The Polish prices leaked on 16.03 - same day US prices were revealed. Below some calculations assuming 1 USD = 3.9 PLN
1400: 819 PLN = 210 USD
1500X: 919 PLN = 235 USD
1600: 1090 PLN = 279 USD
1600X: 1210 PLN = 310 USD
So it's more or less in line with polish VAT 23%.

Assuming the 3 last digits are there to suggest Intel's competitor (in games at least), these prices are actually very similar (AMD is a little more expensive).

Sure, someone will turn up with an argument that they are still 30-50% better in multi-core tasks like rendering... Honestly, who cares at this price point?
Enthusiasts doing heavy multi-core stuff will buy a Ryzen 7.
Mid-range i5s are mostly bought by budget gamers and for commercial purposes. The latter will not even consider a Ryzen 5. The former might... maybe.

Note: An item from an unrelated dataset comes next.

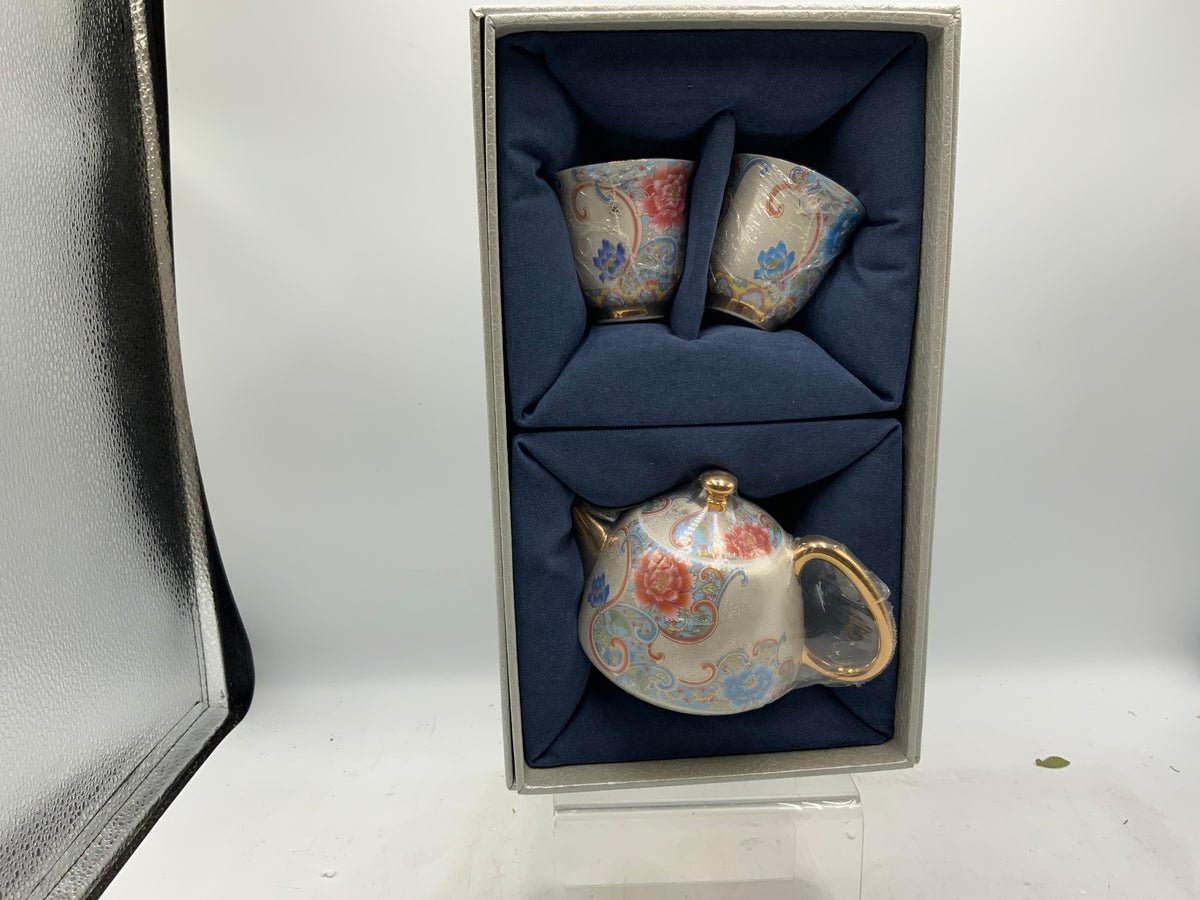 NEW Tea Set in Box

The only vaguely interesting thing here is the single-core performance of 5 1400. If it's as good as in 7 1700 (and it should be, theoretically), this CPU will be better than i5 7400 in any benchmark or game.
But again... who (today) buys an i5-7400 for custom-built gaming PC? 7500/7600 are way more popular. i5-7400 is, on the other hand, hugely popular in business desktops (as the cheapest 4-core).


----------



## pantherx12 (Mar 27, 2017)

EarthDog said:


> Links..
> 
> Doubling doesn't stand... at least it never has worked that way. There are quad channel Xeon cpus, 4 on a board, and it's still quad channel.

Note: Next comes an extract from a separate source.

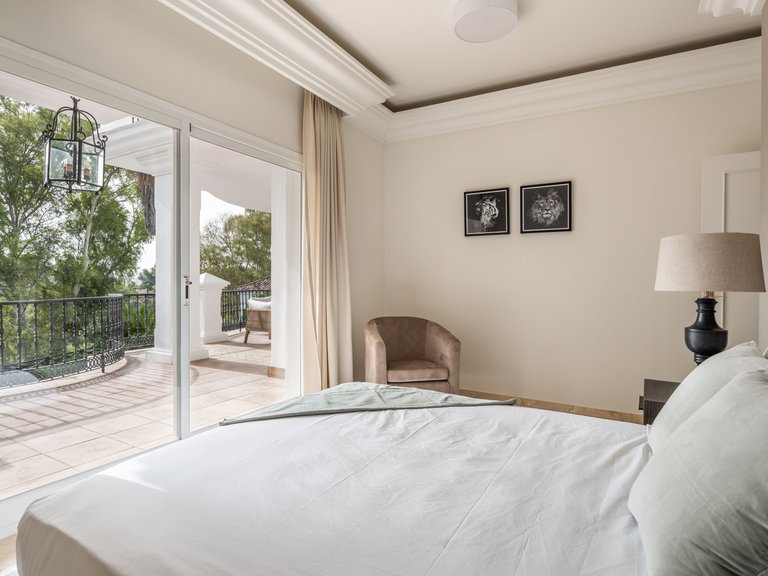 Villa for Sale in Marbella, Malaga 27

There's a bunch if you search for Amd naples memory channels but here's the top result https://arstechnica.co.uk/information-technology/2017/03/amd-naples-zen-server-chip-details/

Also some info regarding the possible hedt Amd platform http://www.tweaktown.com/news/56845/amds-high-end-x390-x399-mobo-dual-ryzen-cpus-possible/index.html


I'm not going to lie its completely possible I've got completely the wrong end of the stick here but from technical details and leaks I've read it does seem AMD have worked some kind of accumulative magic in Ryzen  in terms of its IMC. 
I'm no expert though I only got into pcs full on when I joined this forum so feel free to correct me if I'm wrong.


----------



## cdawall (Mar 27, 2017)

EarthDog said:


> Links..
> 
> Doubling doesn't stand... at least it never has worked that way. There are quad channel Xeon cpus, 4 on a board, and it's still quad channel.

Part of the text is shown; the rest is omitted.